We salute the people of Taiwan, with whom we share the values of democracy, human rights, a free market economy, and the rule of law. Our relations will continue to be based upon the provisions of the Taiwan Relations Act, and we affirm the Six Assurances given to Taiwan in 1982 by President Reagan. We oppose any unilateral steps by either side to alter the status quo in the Taiwan Straits on the principle that all issues regarding the island’s future must be resolved peacefully, through dialogue, and be agreeable to the people of Taiwan. If China were to violate those principles, the United States, in accord with the Taiwan Relations Act, will help Taiwan defend itself. We praise efforts by the new government in Taipei to continue constructive relations across the Taiwan Strait and call on China to reciprocate. As a loyal friend of America, Taiwan has merited our strong support, including free trade agreement status, the timely sale of defensive arms including technology to build diesel submarines, and full participation in the World Health Organization, International Civil Aviation Organization, and other multilateral institutions.

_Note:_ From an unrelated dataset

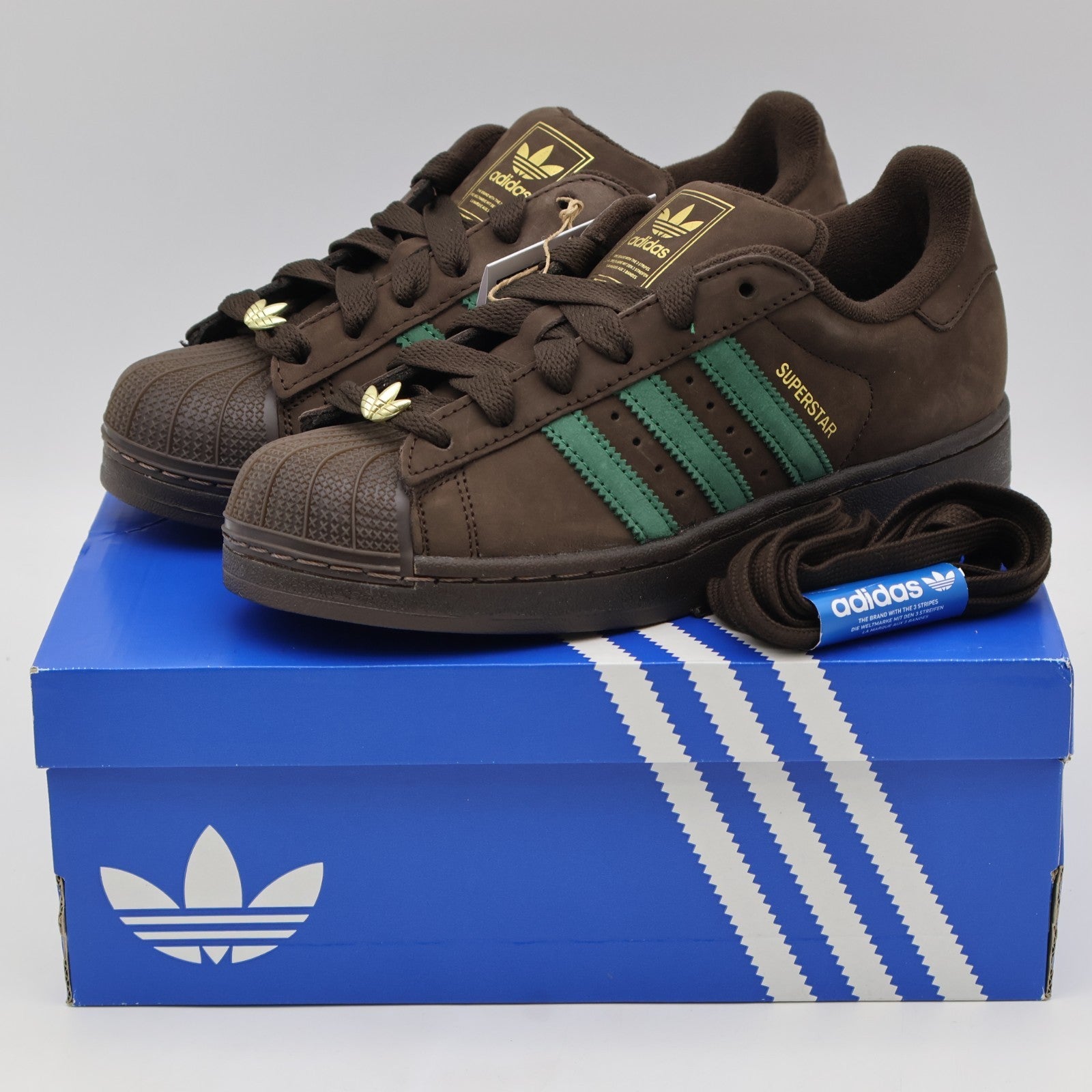 KJ3547 adidas Originals Superstar 2 Dark Brown Dark Green Gum (Men's)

China’s behavior has negated the optimistic language of our last platform concerning our future relations with China. The liberalizing policies of recent decades have been abruptly reversed, dissent brutally crushed, religious persecution heightened, the internet crippled, a barbaric population control two-child policy of forced abortions and forced sterilizations continued, and the cult of Mao revived.
Critics of the regime have been kidnapped by its agents in foreign countries. To distract the populace from its increasing economic problems and, more importantly, to expand its military might, the government asserts a preposterous claim to the entire South China Sea and continues to dredge ports and create landing fields in contested waters where none have existed before, ever nearer to U.S. territories and our allies, while building a navy far out of proportion to defensive purposes. The complacency of the Obama regime has emboldened the Chinese government and military to issue threats of intimidation throughout the South China Sea, not to mention parading their new missile, “the Guam Killer,” down the main streets of Beijing, a direct shot at Guam as America’s first line of defense. Meanwhile, cultural genocide continues in Tibet and Xinjiang, the promised autonomy of Hong Kong is eroded, the currency is manipulated, our technology is stolen, and intellectual property and copyrights are mocked in an economy based on piracy. In business terms, this is not competition; it is a hostile takeover. For any American company to abet those offenses, especially governmental censorship and tracking of dissenters, is a disgrace.
The return to Maoism by China’s current rulers is not reason to disengage with the Chinese people or their institutions. We welcome students, tourists, and investors, who can see for themselves our vibrant American democracy and how real democracy works. We caution, however, against academic or cultural operations under the control of the Chinese government and call upon American colleges to dissociate themselves from this increasing threat to academic freedom and honest research.
Most of the nations of Southeast Asia have set aside crippling ideologies and sought material progress in free enterprise and democracy. We congratulate the people of Burma on their emergence from authoritarian rule and urge their respect for the rights of their country’s minority populations. Our improved relations with Vietnam — including arms sales — must advance efforts to obtain an accounting for, and repatriation of the remains of, Americans who gave their lives in the cause of Vietnamese freedom. We cannot overlook the continued repression of fundamental rights and religious freedom, as well as retribution against ethnic minorities and others who assisted U.S. forces during the conflict there.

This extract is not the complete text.